Required action: Please reproduce the listing in its entirety, exactly as written, but without images.

Stored data:
######

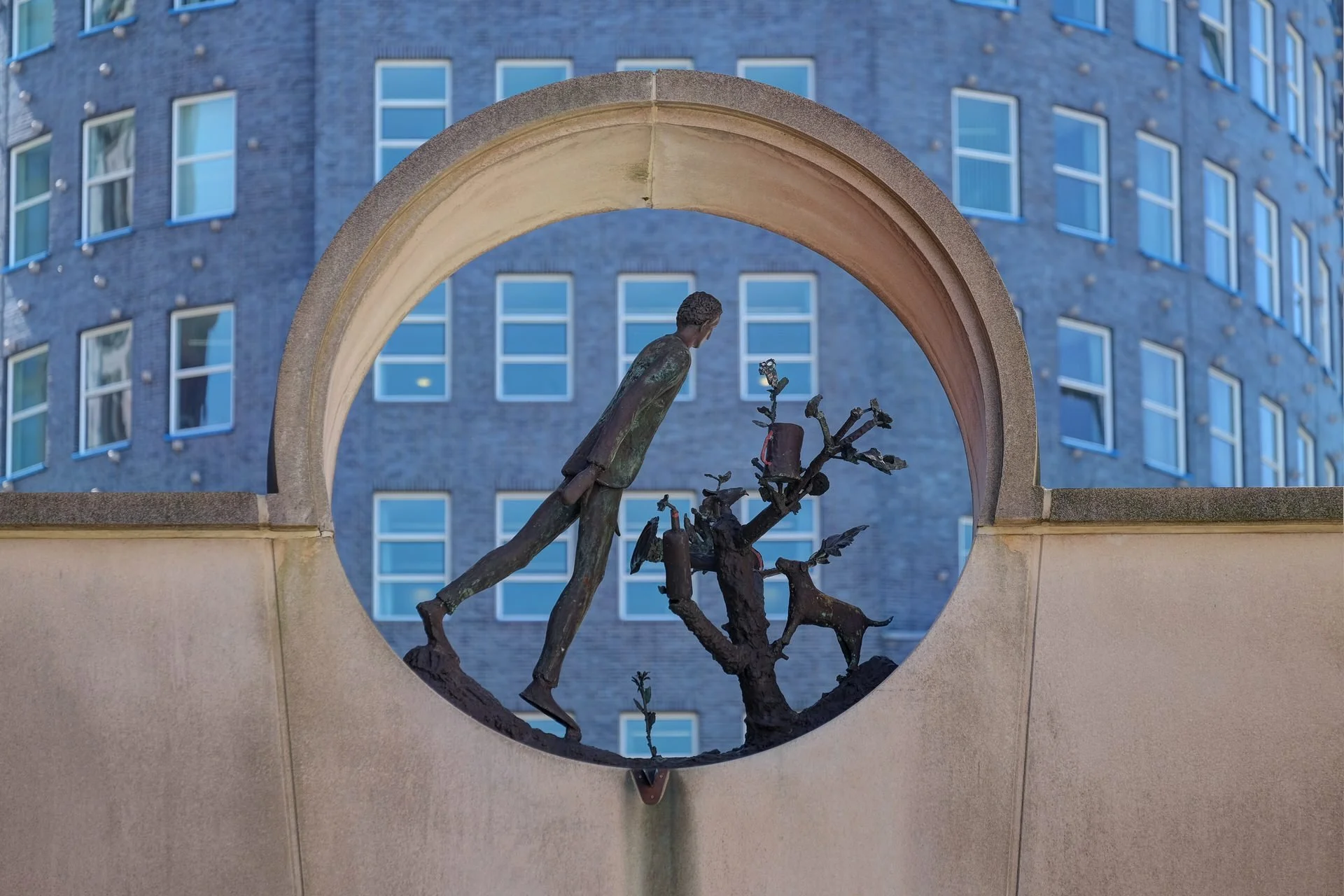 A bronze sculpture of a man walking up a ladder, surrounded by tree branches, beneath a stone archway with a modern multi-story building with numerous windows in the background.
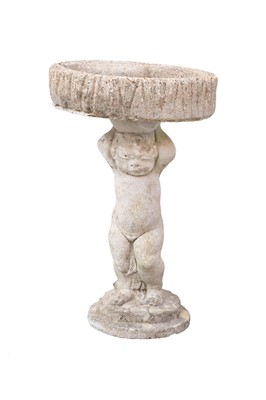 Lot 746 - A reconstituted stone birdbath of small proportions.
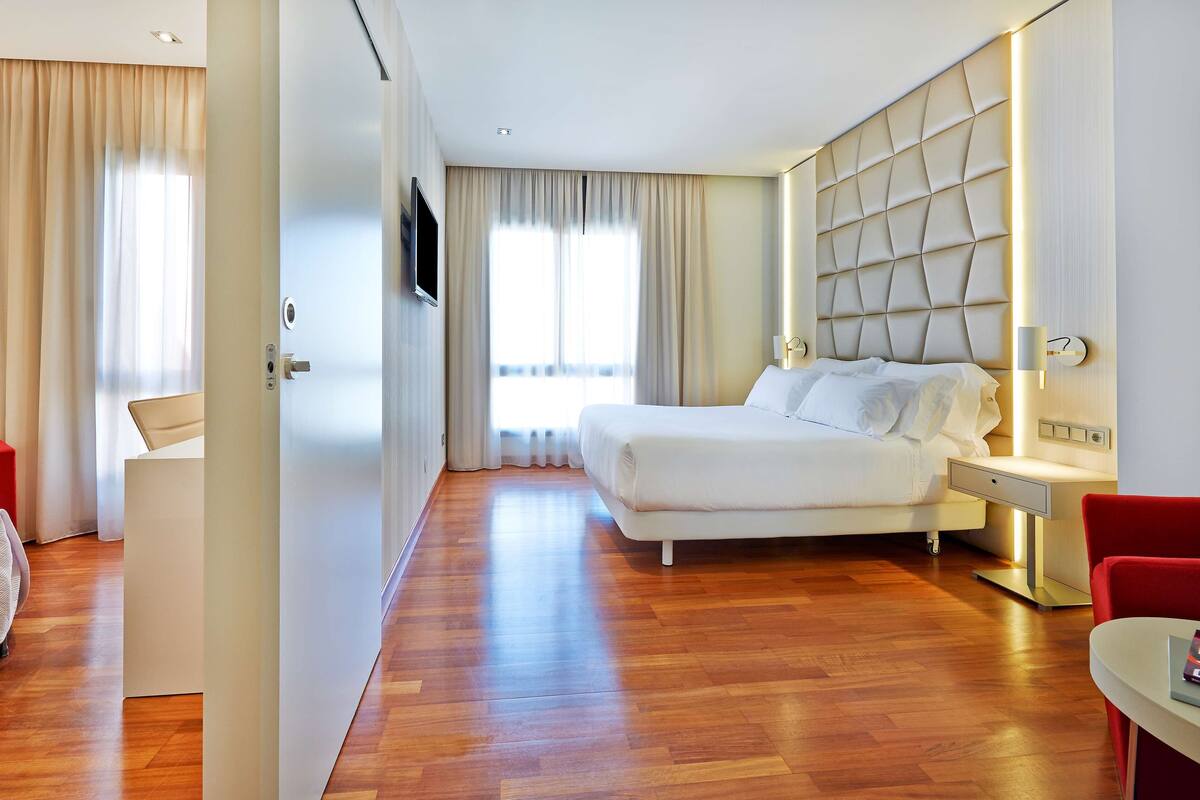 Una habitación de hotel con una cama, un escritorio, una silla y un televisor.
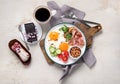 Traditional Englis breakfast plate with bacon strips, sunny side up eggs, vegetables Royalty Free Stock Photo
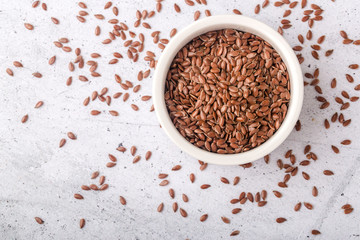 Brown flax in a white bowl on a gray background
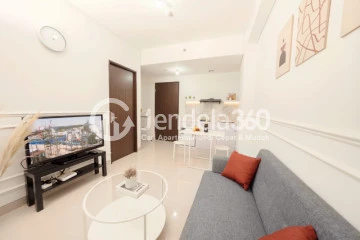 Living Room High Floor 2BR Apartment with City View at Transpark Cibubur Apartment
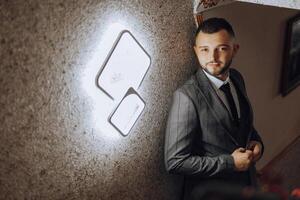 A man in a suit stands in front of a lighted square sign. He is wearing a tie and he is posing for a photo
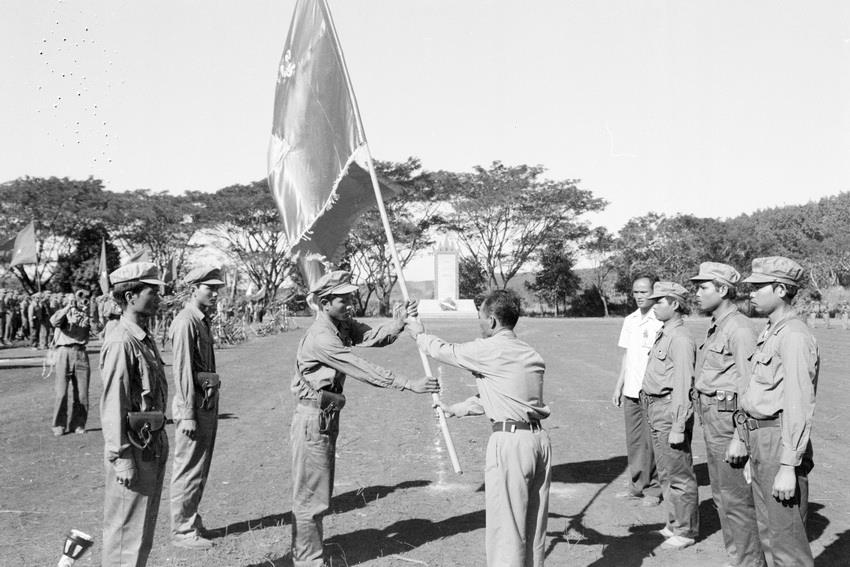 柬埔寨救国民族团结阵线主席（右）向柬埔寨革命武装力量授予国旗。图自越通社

######

Task output:
 A bronze sculpture of a man walking up a ladder, surrounded by tree branches, beneath a stone archway with a modern multi-story building with numerous windows in the background.
 Lot 746 - A reconstituted stone birdbath of small proportions.
 Una habitación de hotel con una cama, un escritorio, una silla y un televisor.
 Traditional Englis breakfast plate with bacon strips, sunny side up eggs, vegetables Royalty Free Stock Photo
 Brown flax in a white bowl on a gray background
 Living Room High Floor 2BR Apartment with City View at Transpark Cibubur Apartment
 A man in a suit stands in front of a lighted square sign. He is wearing a tie and he is posing for a photo
 柬埔寨救国民族团结阵线主席（右）向柬埔寨革命武装力量授予国旗。图自越通社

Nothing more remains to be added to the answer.